Не совсем так. Она знала о нем не так уж мало, но не потому, что он много о себе рассказывал.

– Вы знаете, кто я. – Этот негромкий, но богатый обертонами голос звучал в ней как музыка, которую слышишь сердцем.

– Вы знаете, какой я, – повторил он, и эти слова пробудили в ней желание взять в ладони его лицо и поцеловать в губы. Чтобы не на словах, а на деле показать ему, что она к нему чувствует.

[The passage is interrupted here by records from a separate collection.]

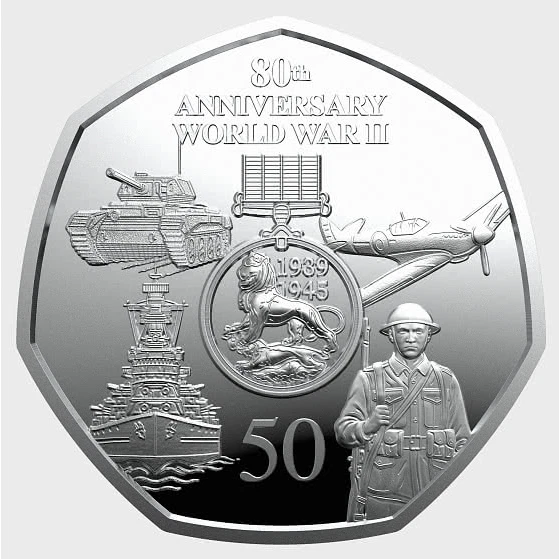 Moneda Gibraltar 50 peniques 2025 años 80 fin de la Segunda Guerra Mundial tanque avión barco Foto 3 de 4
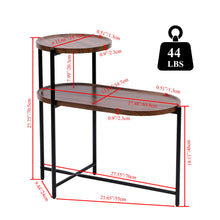 Load image into Gallery viewer, Round Coffee Table With Storage Tray 2 Tier Oval End Tables Wooden Small Side Table For Living Room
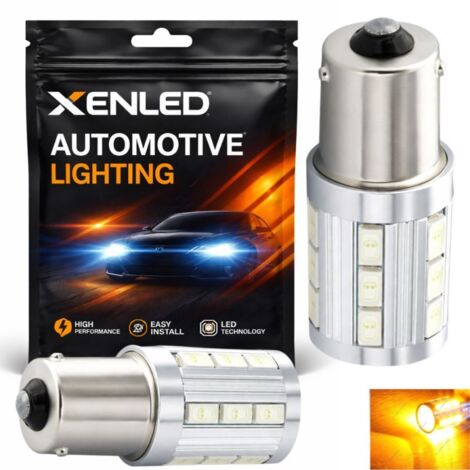 2x Ampoules 21 LED SG - P21W - Jaune - BA15S pour clignotant LED - 12V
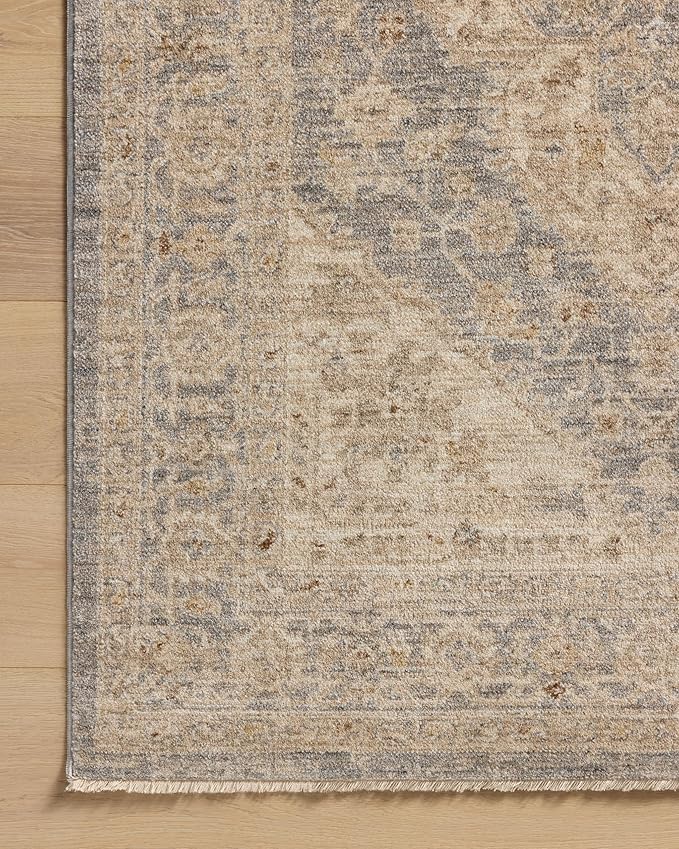 Loloi Magnolia Home by Joanna Gaines Junie Collection JUE-05 Denim/Natural 7'-10" x 7'-10", .38" Pile Height, Round Area Rug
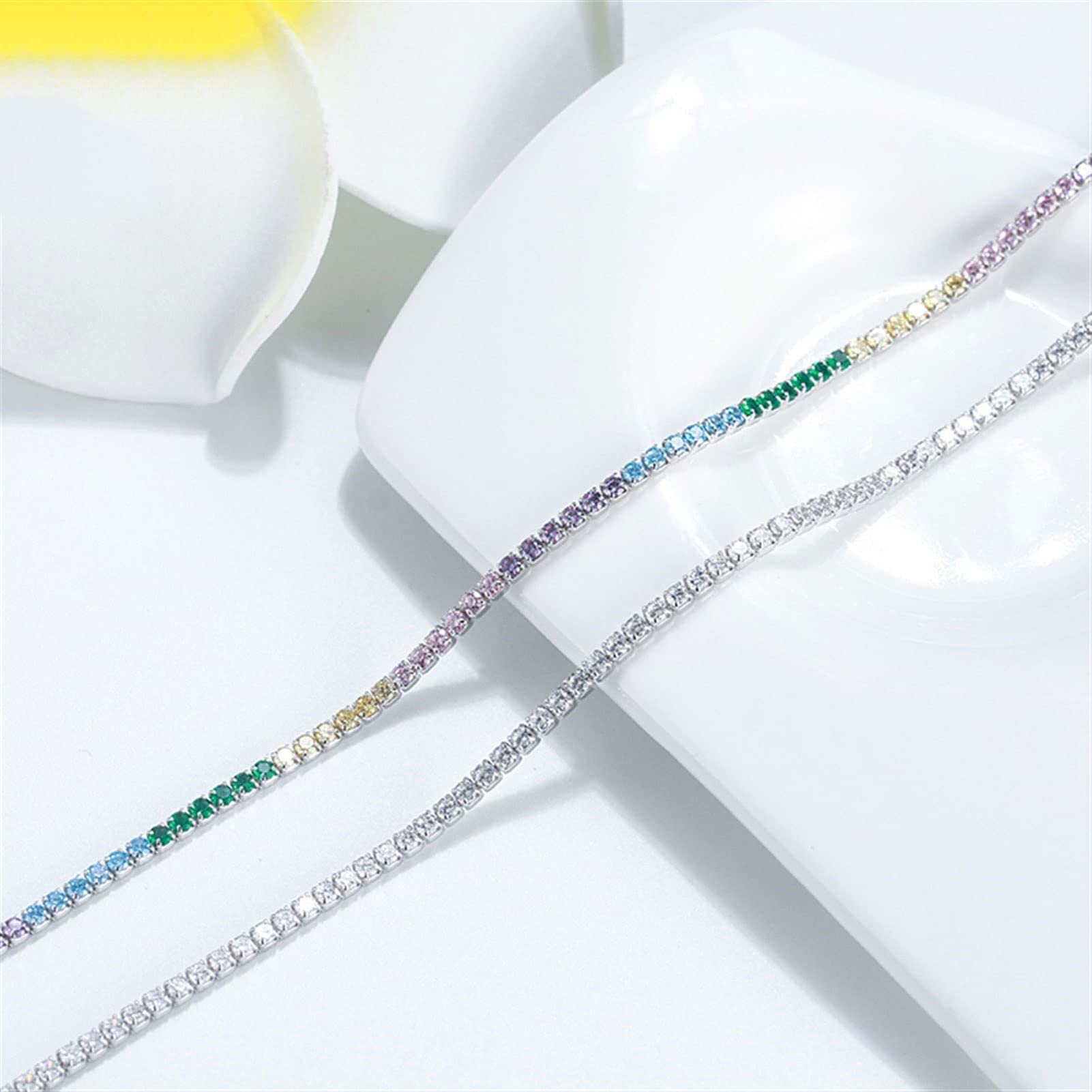 Braccialetti alla caviglia Cavigliera da donna Cavigliera da tennis in argento sterling 925 Cavigliera regolabile Gioielli da vacanza per l'uso quotidiano Cavigliere da donna (Colore : Multi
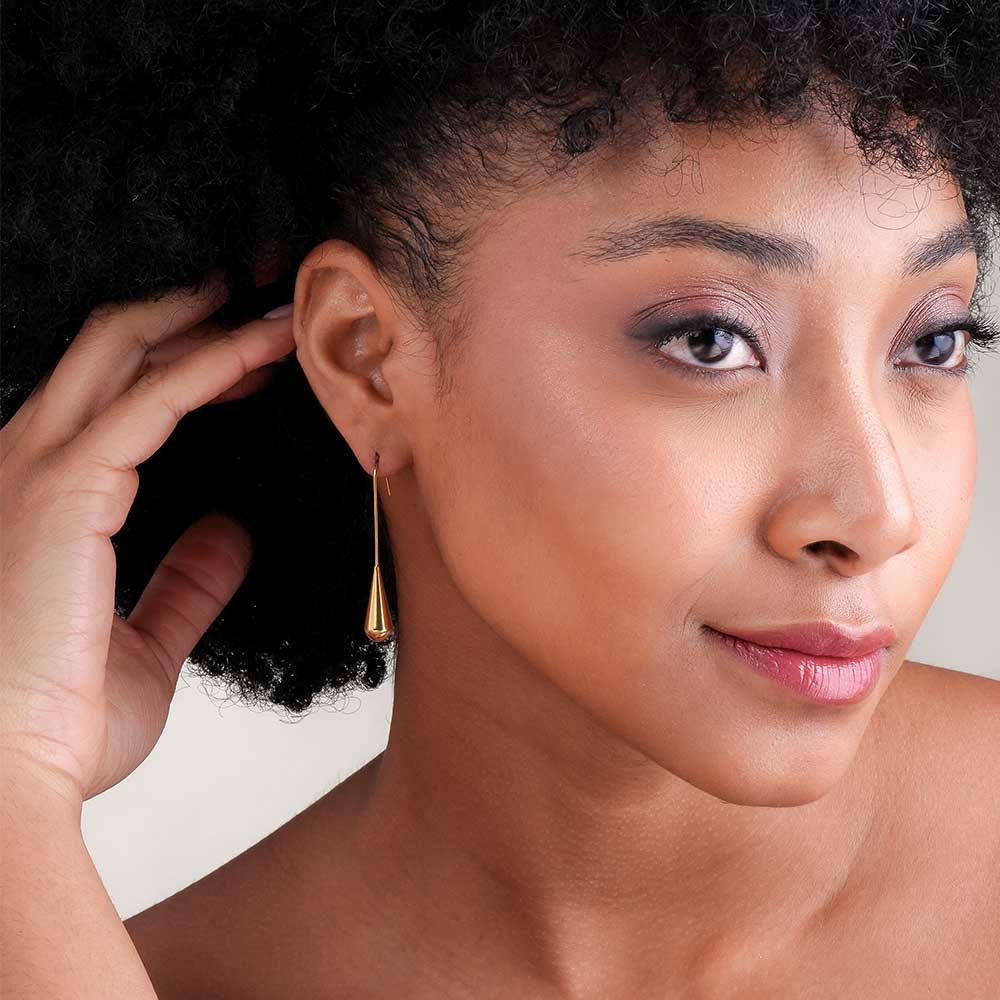 Long Gold Teardrop Drop Earrings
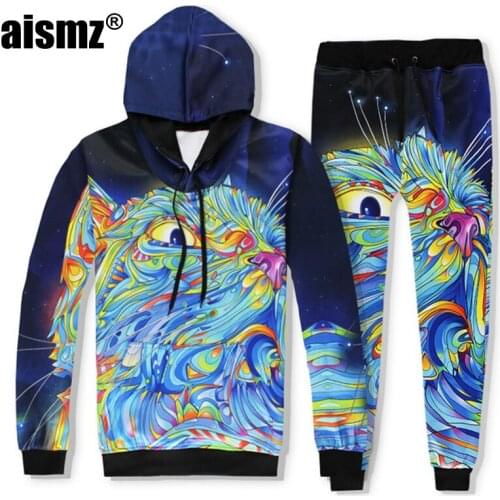 Aismz New Fashion Two Piece Men Women Tracksuit Clothing Sets 3D Print Colorful Animal Cat Sweatshirt+Pants Fitness Tops Set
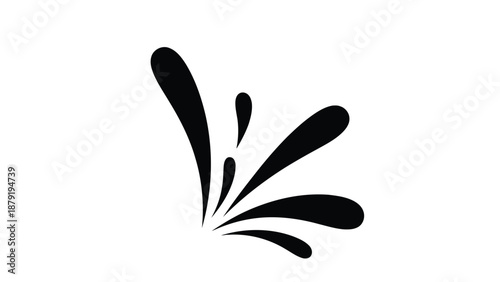 Black ink splatter on a white background.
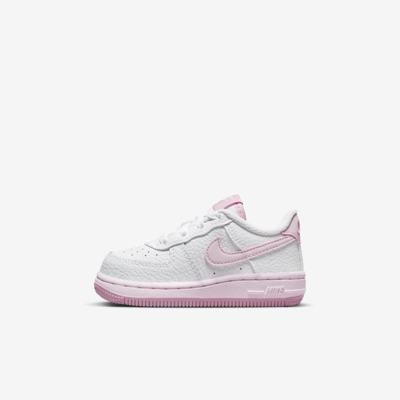 Shop Nike Force 1 Baby/toddler Shoes In White,elemental Pink,medium Soft Pink,pink Foam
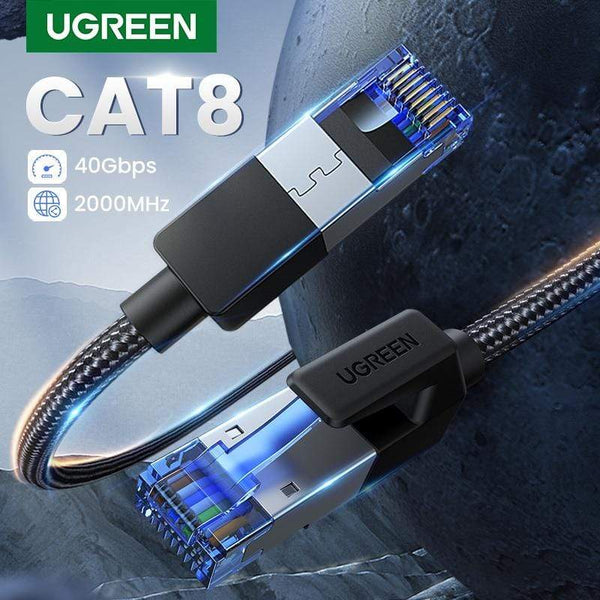 UGREEN Ethernet Cable CAT8 40Gbps 2000MHz CAT 8 Networking Nylon Braided Internet Lan Cord for Laptops PS 4 Router RJ45 Cable JadeMoghul Inc. 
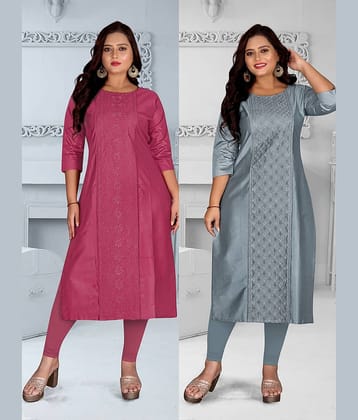 Hetsa Women Chanderi Embroidered A-line Kurti ( Multicolor )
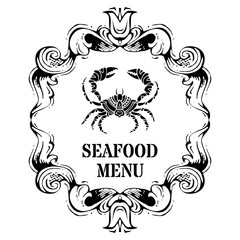Vector seafood menu template.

Но она не могла его целовать.

– Мои родители… – продолжил Маркус и замялся. – Скажем так, мои родители не очень-то хотели иметь детей. Нас было всего двое – двое сыновей. Мой старший брат почти во всем походил на отца. Во всяком случае, в том, что моему отцу казалось важным. Он был сложен как атлет, любил спорт, был упрям и горд и смотрел на тех, кто ниже его, с таких недосягаемых высот, что они превращались для него в мелких букашек. – Он помолчал и, вздохнув, добавил: – И я для него тоже был не больше и не важнее мелкой букашки.

Атлетически сложенный, упрямый и гордый? Похоже, у них с братом было немало общего. Но Лили не стала озвучивать свой вывод.

– И потому для моих родителей существовал только Джозеф. Меня в одиннадцать лет отправили в школу, и когда я бывал дома, то больше времени проводил со слугами, чем с родителями и братом. Я уже тогда понял, что просить то, что ты хочешь, у родителей бесполезно. Надо либо умерить желания, либо самому добывать то, что хочется.

Это многое объясняет.

– А ваш брат?

Маркус грустно вздохнул.

– Только за год до своей смерти Джозеф стал наследником герцога. Предыдущий герцог Резерфорд умер бездетным, но у него были братья, у которых имелись дети. Никто не ожидал, что Джозеф окажется самым близким из родственников покойного герцога. А потом и Джозеф умер.

– Выходит, вас не готовили с детства к тому, что вы станете герцогом.

Он уже говорил об этом раньше, но Лили не догадывалась, насколько далек он был от того мира, который зовется высшим светом.

– Нет, меня никто к этому не готовил. Полагаю, меня воспитывали как будущего джентльмена, но не как будущего лорда. Мой отец перепоручил все дела, связанные с имением, своему управляющему. После смерти отца бразды правления принял мой старший брат. Всякий раз, когда я предлагал свою помощь, меня просили уйти и не мешать.